Für Kurzfilme ist in den Kinos wenig Platz. Will man sie trotzdem dort präsentieren, muss man muss sich schon etwas einfallen lassen. Der Bundesverband Deutscher Kurzfilm – kurz: AG Kurzfilm – hat da eine elegante Lösung gefunden: Jedes Jahr vergibt die AG in verschiedenen Kategorien den „Deutschen Kurzfilmpreis“ und schickt die Gewinner, aber auch einige der nominierten Filme, danach auf Tour. Schmankerl für die Kinobetreiber: Sie können sich aus insgesamt 13 Filmen selbst ein Programm zusammenstellen.

So zeigt etwa das Bremer City 46 nun nur zwei der fünf Preisträger, dafür werden aber vier nominierte Filme gezeigt. Persönlich vorstellen wird Laura Lehmus ihren Animationsfilm „Alienation“, für den sie 2015 einen Kurzfilmpreis in Gold bekam. In sechs Minuten wird darin die Welt junger Pubertierender vorgestellt, die nicht nur den anderen, sondern auch sich selbst fremd geworden sind. Lehmus arbeitet dabei mit einem originellen Trick: Auf der Tonspur erzählen Jugendliche davon, wie seltsam ihr Leben in der Pubertät geworden ist; diese Protagonisten verkörpern dann Trickfilmfiguren, animiert auf ganz unterschiedliche Weise.

Eine einfallsreiche Kombination von Ton und Bild hat auch Angelika Herta für „Der beste Weg“ gefunden, einen experimentellen Dokumentarfilm über Blinde – aber auch für sie: Jede wichtige Information erhalten hier nämlich auch Nichtsehende. Eine blinde Frau spricht in ihr Diktiergerät, beschreibt zum teils sehr komisch und gewürzt mit vielen Flüchen, wie schwer es für sie ist, unter den Sehenden zu leben, wie unsensibel die ihr oft begegnen – und wie sie sich gegen sie behaupten kann.

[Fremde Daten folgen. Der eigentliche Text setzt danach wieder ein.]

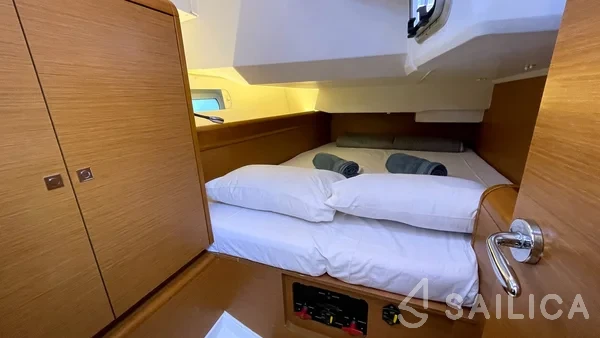Sun Odyssey 449 - Yacht Charter Sailica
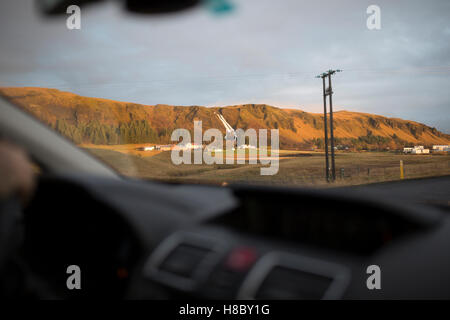 Paesaggio islandese è visibile attraverso il parabrezza di un auto durante un viaggio in Sud dell'Islanda Foto Stock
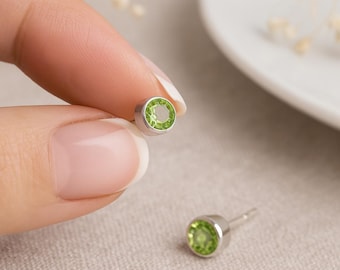 Sterling Silver Peridot Stud Earrings: August Birthstone – 5mm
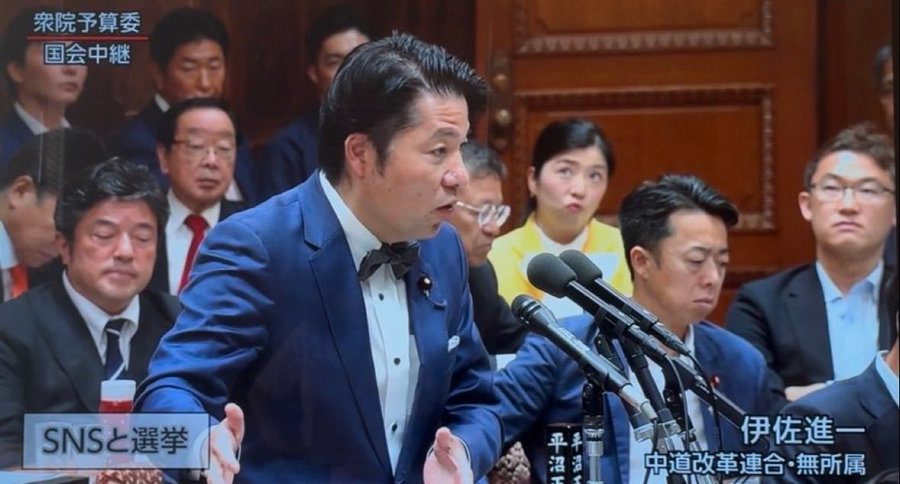 lovemana0505's tweet photo. 国会議員ごっこをして遊んでいる門ひろこさん。
楽しそうですね。 https://t.co/anfD6sOMnG
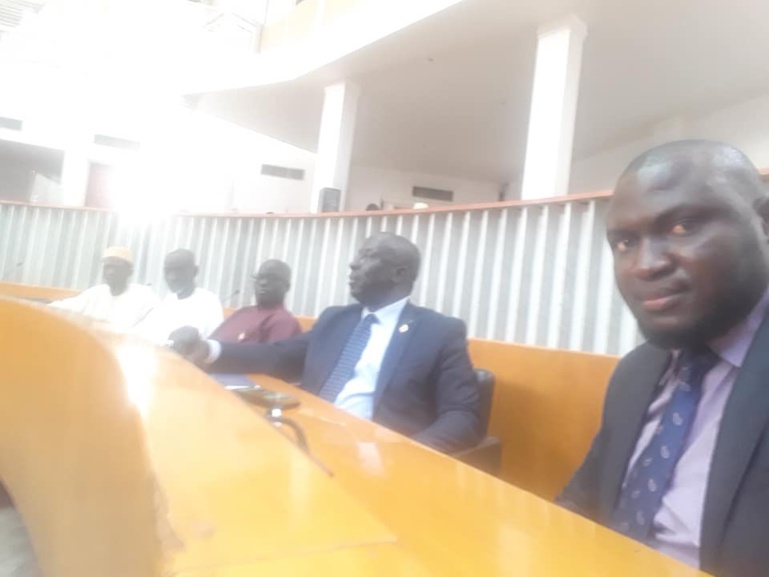 Pendant ce temps... le ministre de l’agriculture patiente depuis plus d’une heure avec quelques députés de l’opposition 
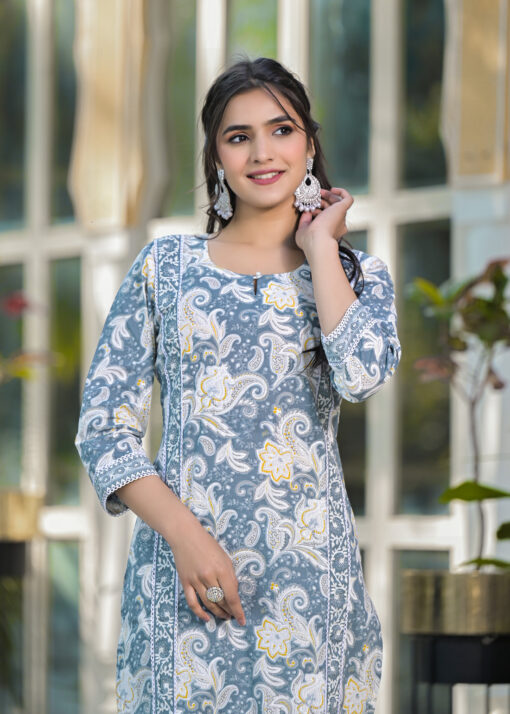 Women Pure Cotton Kurta Pant Set - Image 2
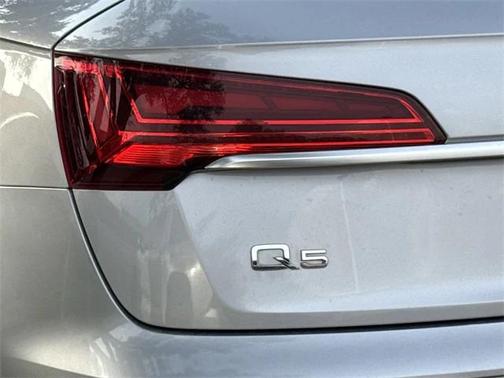 2023 Audi Q5 45 S line Premium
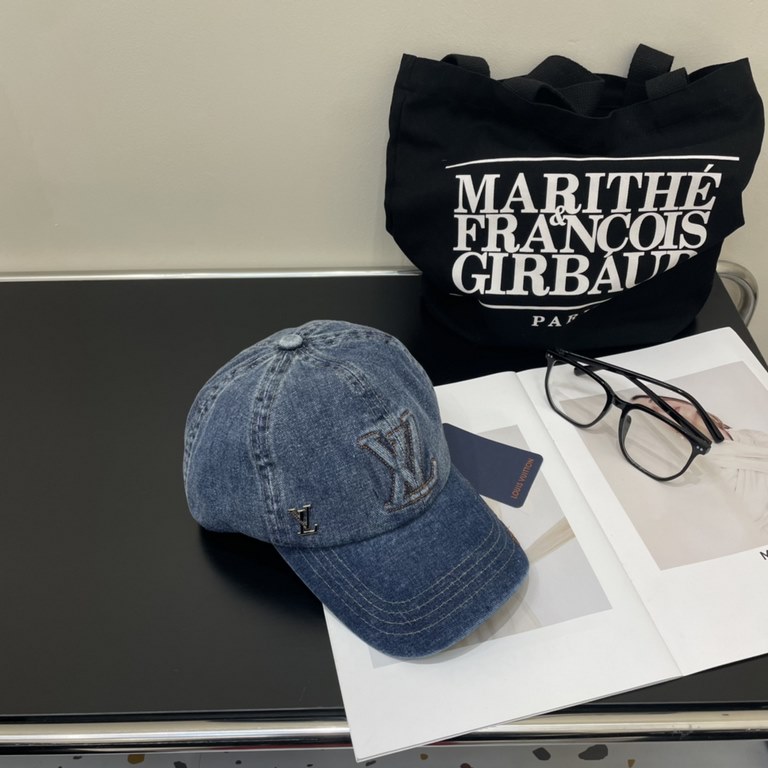 With dust bag LV (Louis Vuitton) original single baseball cap, washed denim, counter 11 open mold customized, original denim fabric   head layer cowhide, lightweight and breathable! Awesome quality, base head circumferen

Wie jedes gute Kurzfilmprogramm überrascht auch das nun in Bremen gezeigte durch die Bandbreite an Stilformen, Themen und Stimmungen: So handelt Annika Pinskes 27-Minuten-Spielfilm „Spielt keine Rolle“ davon, wie Mutter und Tochter den Tod des Vaters bewältigen. In der Dokumentation „Hinter dem Wald“ von Francesca Bertin und Leonhard Kaufmann sprechen Dorfbewohner am Gartenzaun über ein geheimnisvolles Gelände, das niemand betreten darf. Der Trickfilm „Roadtrip“ wiederum erzählt von einem jungen Berliner Mopedfahrer, der unter Schlaflosigkeit leidet – und wirkt dabei genauso verspielt wie das Pseudonym seines Machers: Xaver Xylophon.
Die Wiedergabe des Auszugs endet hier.